Source: Action in Teacher Education, v. 32 no. 3, (Fall 2010) p. 15-24.
(Reviewed by the Portal Team)
This study compared three teacher preparation programs at a Midwestern university.
The purpose of the study was to examine how the teachers from the three programs perceived the impact of the programs and how employers perceived their teaching competencies.
The study was guided by four research questions: (1) How did teachers from the different programs perceive the impact of the programs on their teaching competencies?
(2) How did the employers perceive the competencies of their teachers?
(3) Was there significant difference in teacher and employer perceptions among the three programs?
(4) Was there significance difference in teacher and employer perceptions between program candidates and completers?
Context of Study
The programs include a traditional 4-year undergraduate teacher certification program (TC),
an alternative certification-based master of arts in teaching program (MAT),
and an alternative certification program without the master degree option (AC).
The participants were teachers in the target population for the employee and employer surveys. The majority of the teachers were White Caucasian females.
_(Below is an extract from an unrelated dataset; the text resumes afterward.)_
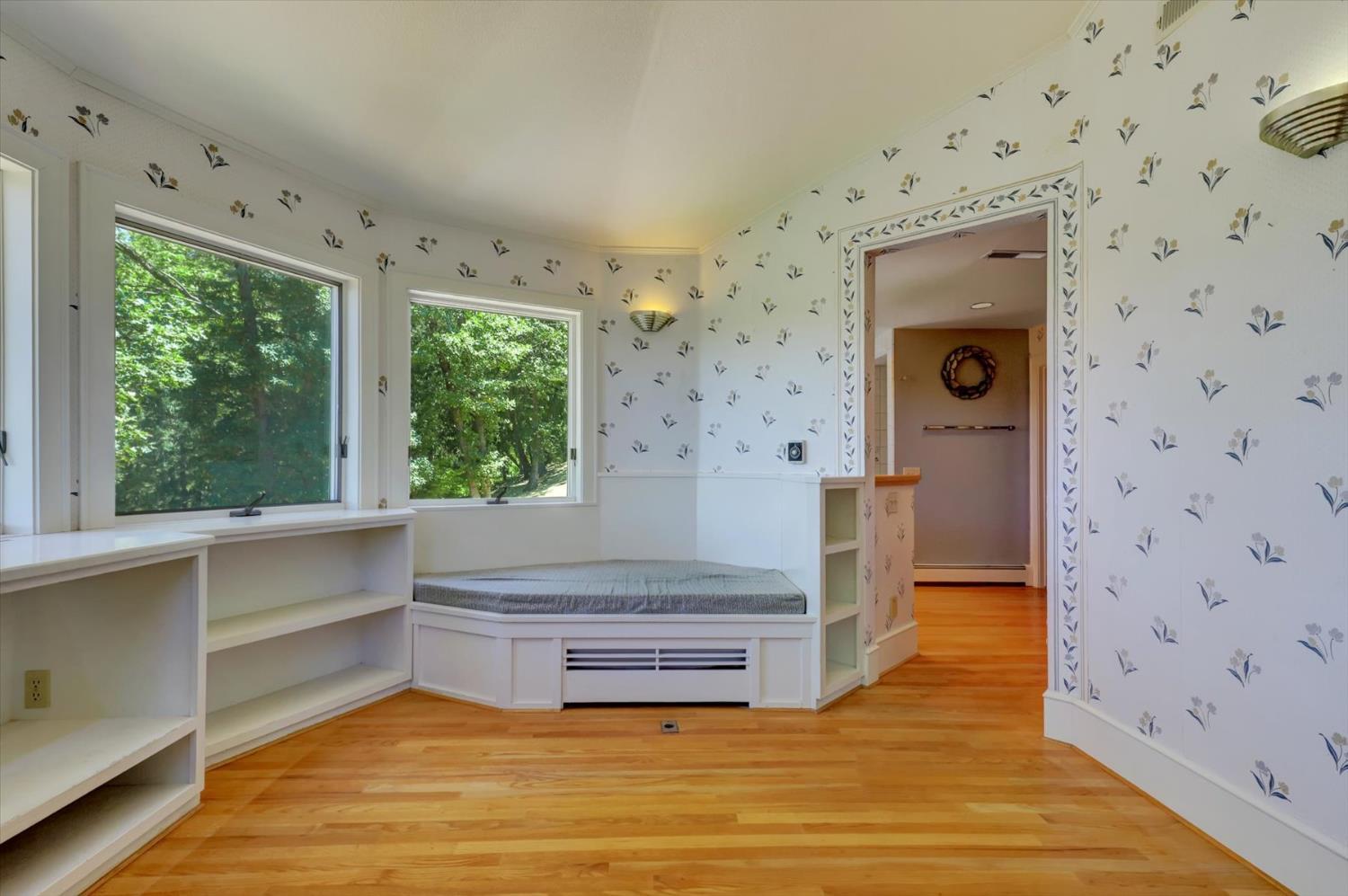 Nevada City, California, 95959, United States, 3 Bedrooms Bedrooms, ,4 BathroomsBathrooms,Residential,For Sale,1903616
The subjects of the study were divided into five groups:
(1) teachers who were currently enrolled in the AC program (with no master degree),
(2) teachers who recently completed the AC program,
(3) teachers who were currently enrolled in the MAT program,
(4) teachers who recently completed the MAT program, and
(5) TC teachers who had graduated from the undergraduate teacher education program.
Overall, teachers from the three teacher education programs at the Midwestern university were positive about the impact of their programs on their competencies. The result suggests that regardless of teacher education program or status, the teachers in these programs held similarly positive views about their programs.
Their positive views were confirmed by the perceptions of their employers, who provided high ratings of their teachers' competencies in all three programs. The only exception was the AC candidates, whose employers did not report similarly positive perceptions as those of the other teachers.
The positive ratings that the AC candidates gave to their program, combined with the similarly positive ratings that the AC completers gave to the same program, suggest that the university has a successful AC program, comparable to the MAT and TC programs.
The relatively low ratings that the AC candidates received from their employers, however, suggest that the candidates needed to complete their program before they became effective teachers, at least in the eyes of their employers.